MMM: Let The Right Godzilla Under The Simple Sea

James here with Movie Music Monday!

Three pieces from random sources today.  They’re all somber in tone.  I gravitated in that direction, so here we are.

Oh, boy.  The ending of Ishiro Honda’s classic ‘Gojira’, scored by Akira Ifakube.  Serious stuff.

Ah, ‘Blood Simple’.  Chilling neo-noir.  The Coen Brothers’ first feature — if I recall correctly — and their first collaboration with Carter Burwell, who showed just as much skill as his creative partners.  This is a very Carpenteresque theme.

Now here’s something somber for you. Johan Söderqvist’s theme for ‘Let The Right One In’ is beautiful. That’s all.

Let The Right One In

Stars: ★★★★

Summary:  A true masterpiece of postmodern horror, with heartrending emotional realism.

Review:  No matter who you are, when you’re a kid, bullying always seems to find you.  For some of us, it’s the moment when we realize that the world isn’t a friendly place.  Many are deeply scarred by their experiences and they may become dysfunctional.  Others adapt.   ‘Let The Right One In’ explores the most tragic response to childhood bullying; turning into a bully yourself.  The boy at the story’s heart sees it as the only way out.  Then the little girl shows up.  She’s not like any kid that Oskar has ever known.  She tells him his instincts are correct.  With Oskar right on the cusp of puberty, the mysterious Eli is magnetic, and in due time he gets close enough to discover the terrible truth: She’s a vampire.

This is a meditation on all aspects of abuse, which is what makes ‘Let The Right One In’ a prime example of the horror genre.  There’s nothing scarier than the bitter truth.  The title comes from a rule, mentioned occasionally in vampire legends, that prevents a vampire from entering a place uninvited.  As Oskar discovers, casual evil is indiscriminate, but the most insidious things ask for permission.  As we know, bullying doesn’t disappear when we grow up; it just becomes more devious.  An abuser needs victims for their sense of self to survive.  There’s an obvious parallel with vampirism.

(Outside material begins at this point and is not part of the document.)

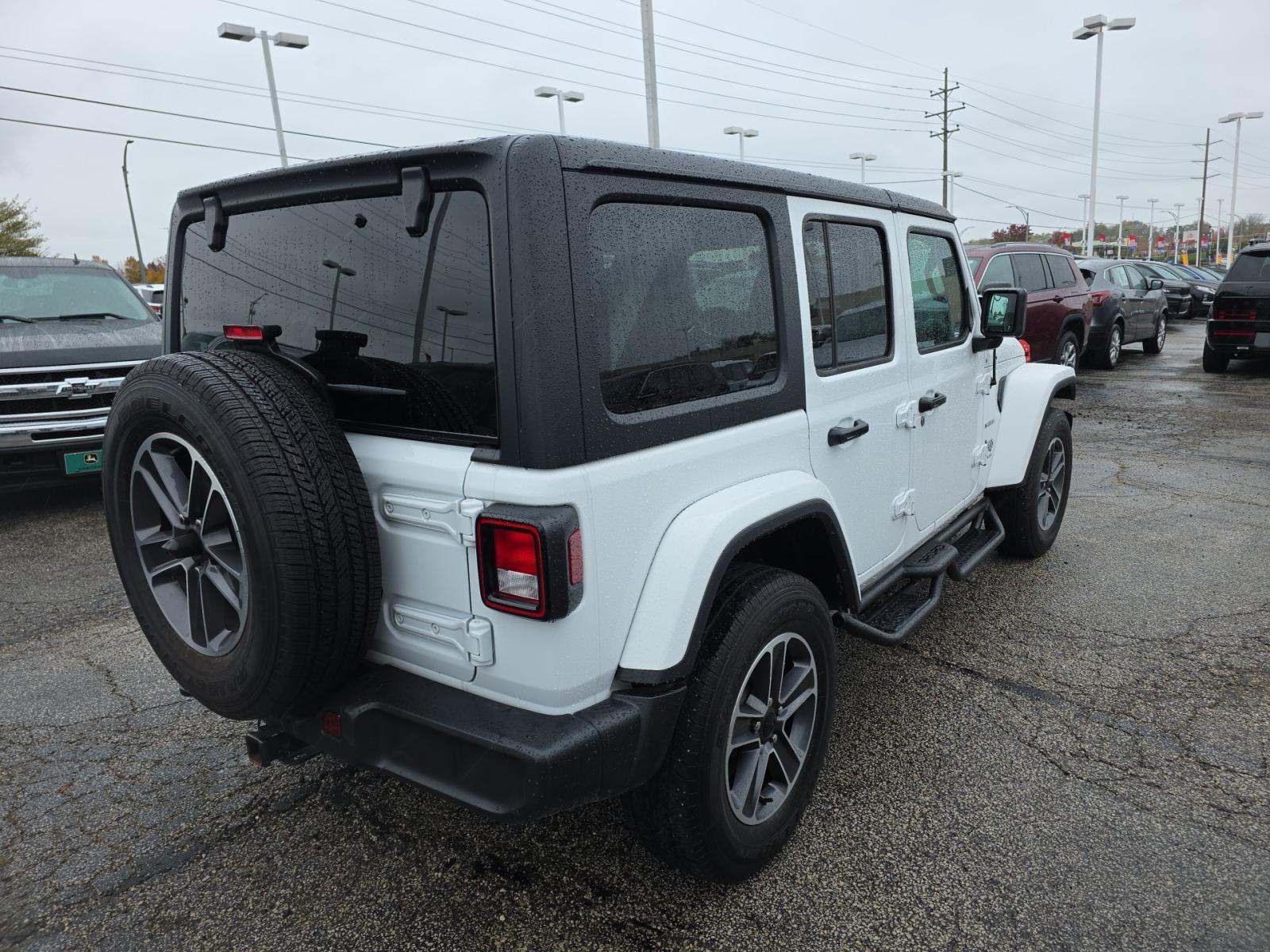 2023 Jeep Wrangler Sahara AWD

Eli is a vampire’s victim, and tragically, she can only survive by embracing this new identity and the habitual murder that comes with it.  The character isn’t a villain or an object of horror.  She’s a believable, sympathetic person.  Oskar, for his part, just wants his anger to mean something.  Eli catches him early on stabbing a tree and practicing taunts.  When I was young and angry, sometimes my parents told me to go punch a pillow; but it didn’t matter, really, whether I punched a pillow or a brick wall.  We all want our fantasies to manifest.  Some of us have wise guardians who prevent us from taking vengeance and destroying ourselves.  Oskar isn’t so lucky.  Eli becomes his protector, but she’s also the ultimate bully.  Her feelings for Oskar are genuine, but she’s also the worst thing for him.

The film is technically well executed.  There’s no shaky handheld camera, jump cuts, or cheap scares.  The pristine wintry scenery is breathtaking and deceptively serene.  Johan Söderqvist’s score is incredibly beautiful, and if you need proof, just take a listen here.  The standout scene of the entire film is, fittingly, the ending.  I’ll probably never look at a swimming pool the same way again.

‘Let The Right One In’ will be considered among the 21st Century’s first masterpieces, even if it is under-appreciated by the public.  It’s a cinematic opus, a story that director Tomas Alfredson and writer John Ajvide Lindqvist should be terribly proud of.